Brief:
Skip the pictures. Output only the lines below starting at the line with "Modelo Kerryson Military" and ending at the line with "سنجار تريد سهماً", both ends included, exactly as they are.
(The records begins)
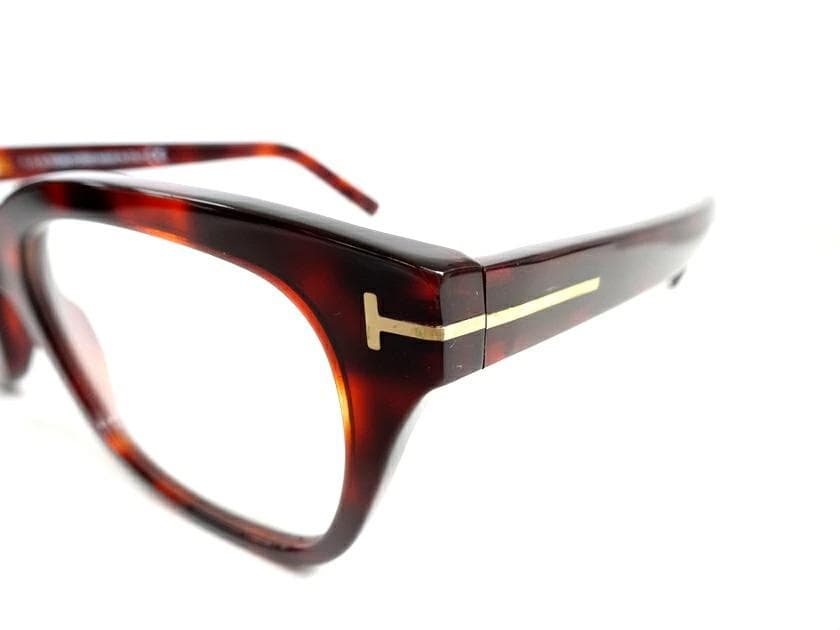TOM FORD EYEWEAR 伊製 ブルーライトカット メガネ 定5.5万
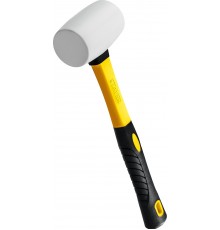 20533-230 Киянка STAYER PROFI резиновая БЕЛАЯ,с фиберглассовой ручкой, 230 г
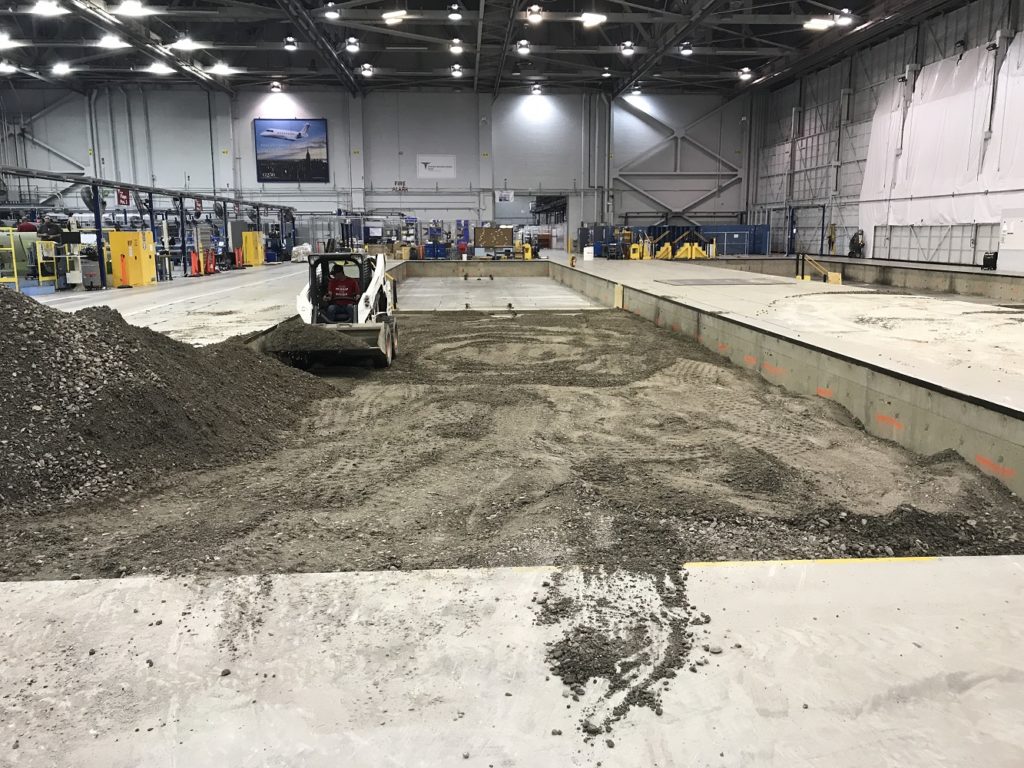 Commercial Concrete Contractor Tulsa OK Complete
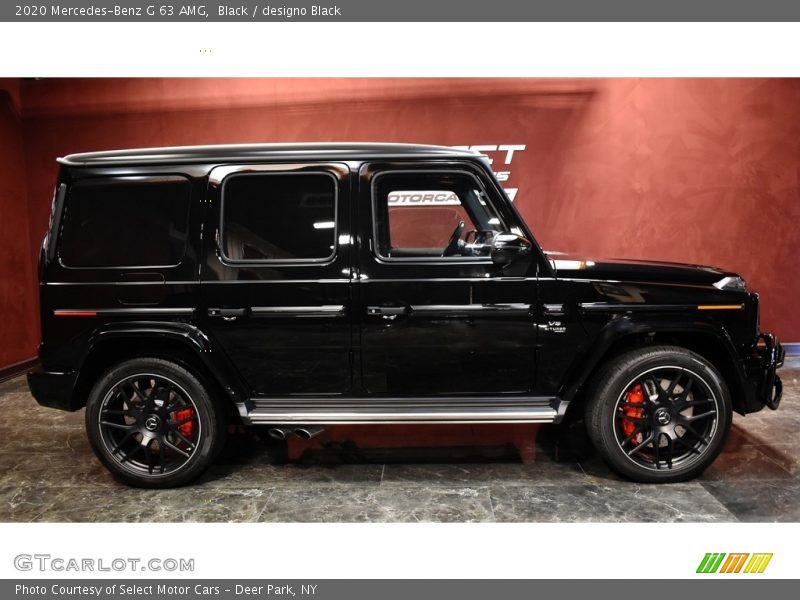 Black / designo Black 2020 Mercedes-Benz G 63 AMG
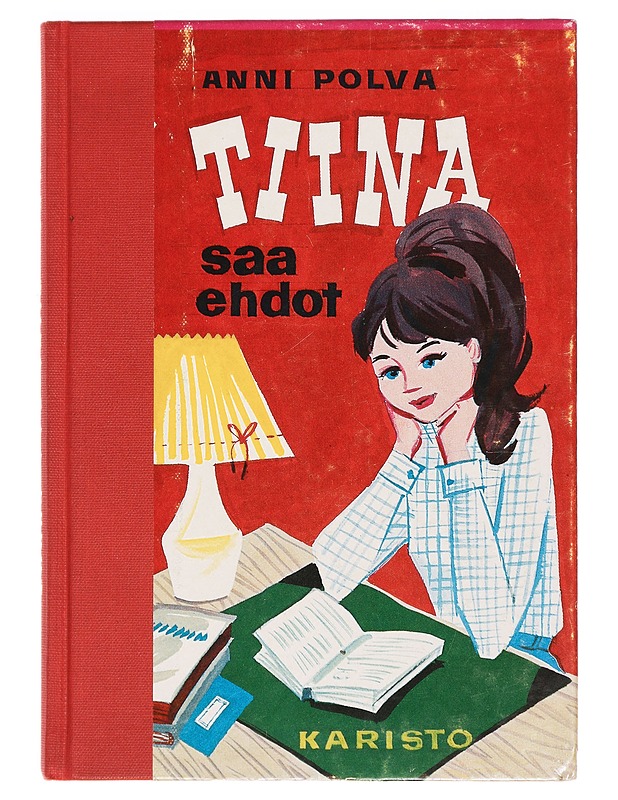 Tiina saa ehdot - Anni Polva - Lastenkirjat - 10105393535 - 0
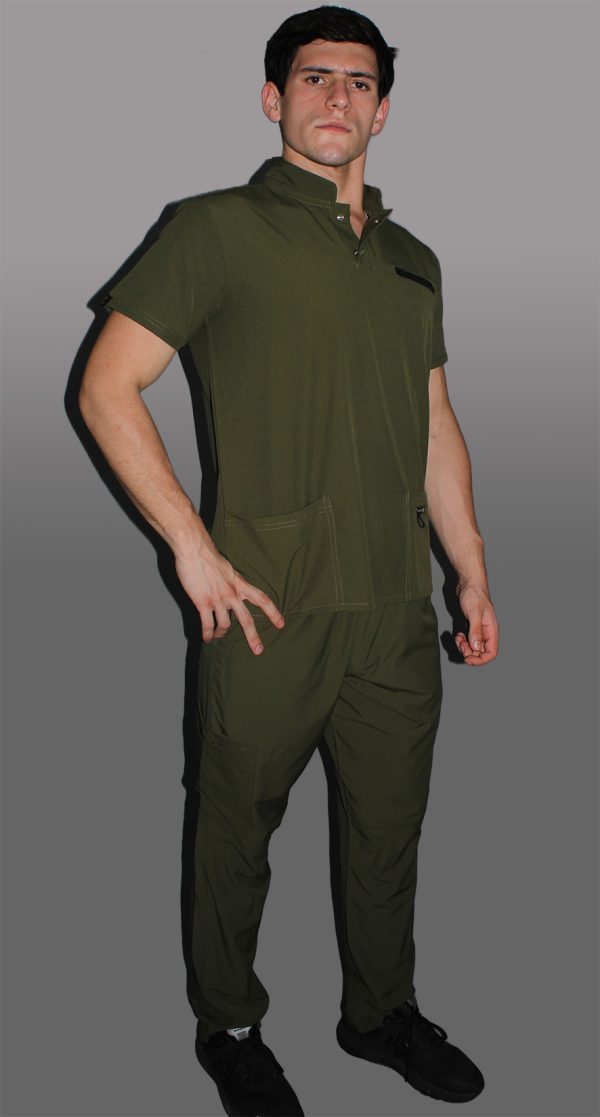 Modelo Kerryson Military / Uniforme Quirúrgico de Caballero - Imagen 4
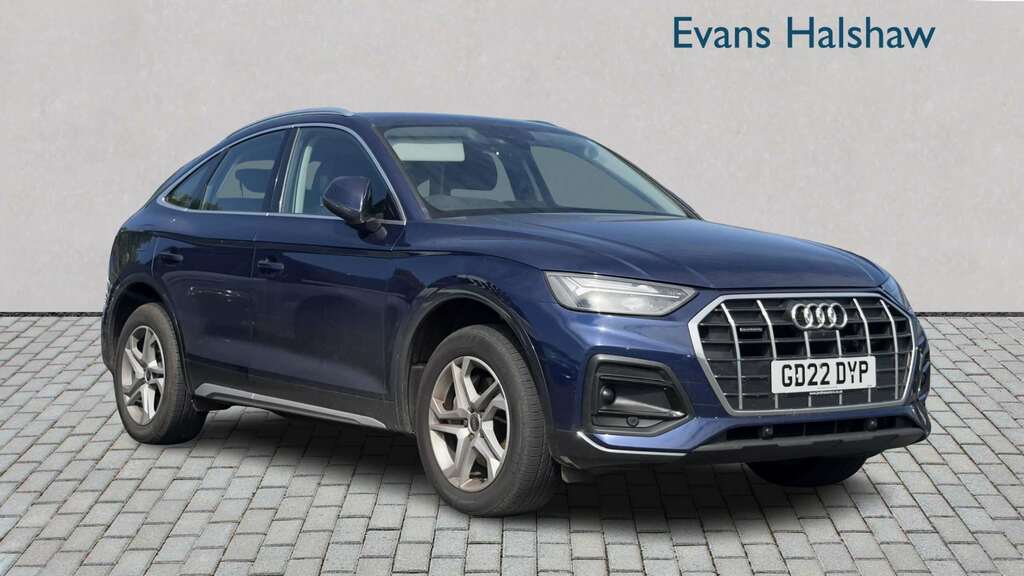 Audi Q5 40 Tdi Quattro Sport S Tronic 2022 Blue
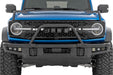 Rough Country 51115 Safari Bar - 3" OSRAM (Quad) - Wide - OE Modular Steel - Ford Bronco (21-23) - Truck Part Superstore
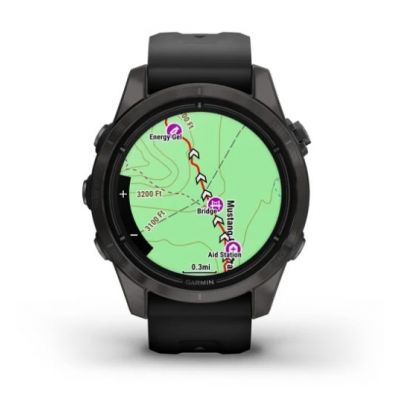 27. Zegarek sportowy Garmin EPIX PRO Gen 2 42mm Sapphire Titanium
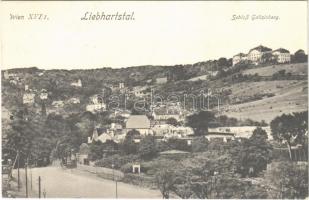 1934 Wien, Vienna, Bécs XVI. Liebhartstal, Schloss Galizienberg / castle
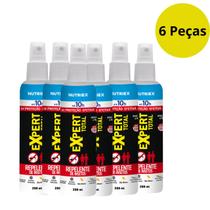 Kit Repelente Spray Nutriex Expert Total 200ml Com 6 Unidades Kit Repelente Spray Nutriex Expert Total 200ml Com 6 Unidades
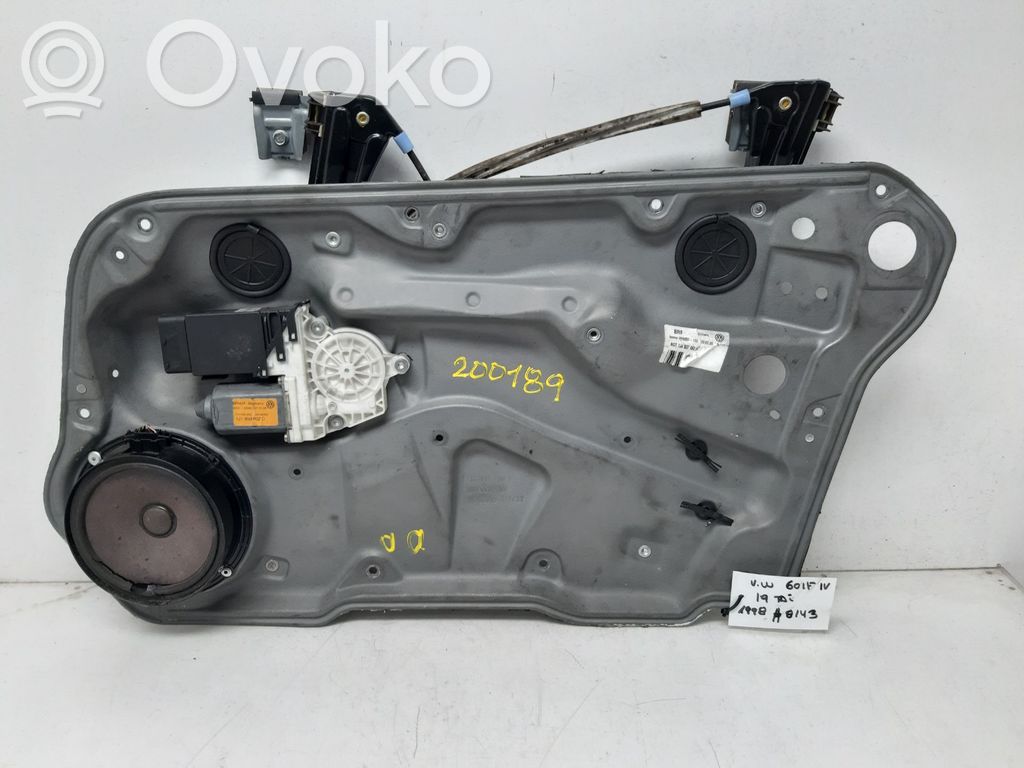 Volkswagen Golf IV Elektryczny podnośnik szyby drzwi przednich 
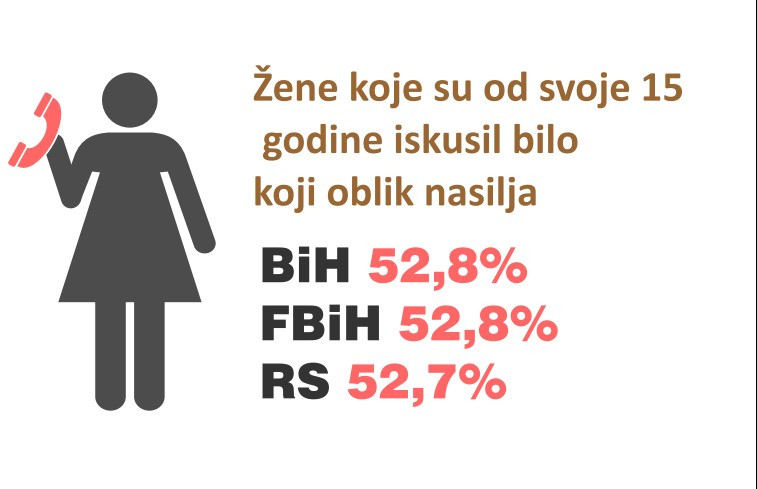 Gender centar FBiH: Obaveza je efikasno istražiti i procesuirati sve počinioce nasilja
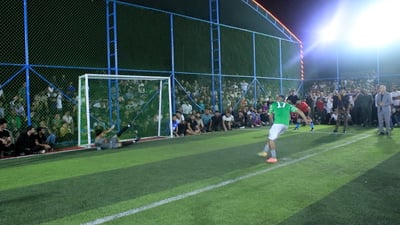 سنجار تريد سهماً في منتخب العراق.. نهائي ناري أخرج أهل المدينة إلى الملعب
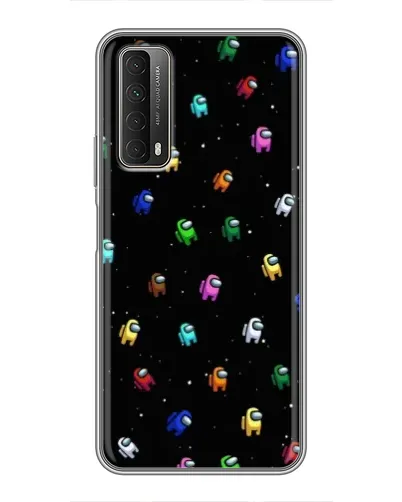 Чехол для Huawei P Smart 2021 с картинкой «Экипаж Among Us» Чехол для Huawei P Smart 2021 с картинкой «Экипаж Among Us»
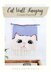 Cat Crochet Tapestry Wall Hanging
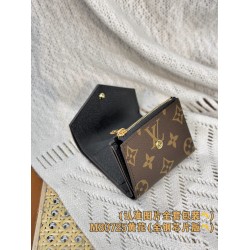 【M80725】Zoé ウォレット Ａ級全鋼版 パーソナライズドカスタム｜Monogram×Reverse Giant キャンバス｜モダンクラシック融合 9.5×7.5×3cm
(The records ends)
Output for this task:
 Modelo Kerryson Military / Uniforme Quirúrgico de Caballero - Imagen 4
 Audi Q5 40 Tdi Quattro Sport S Tronic 2022 Blue
 Rough Country 51115 Safari Bar - 3" OSRAM (Quad) - Wide - OE Modular Steel - Ford Bronco (21-23) - Truck Part Superstore
 27. Zegarek sportowy Garmin EPIX PRO Gen 2 42mm Sapphire Titanium
 1934 Wien, Vienna, Bécs XVI. Liebhartstal, Schloss Galizienberg / castle
 Kit Repelente Spray Nutriex Expert Total 200ml Com 6 Unidades Kit Repelente Spray Nutriex Expert Total 200ml Com 6 Unidades
 Volkswagen Golf IV Elektryczny podnośnik szyby drzwi przednich 
 Gender centar FBiH: Obaveza je efikasno istražiti i procesuirati sve počinioce nasilja
 سنجار تريد سهماً في منتخب العراق.. نهائي ناري أخرج أهل المدينة إلى الملعب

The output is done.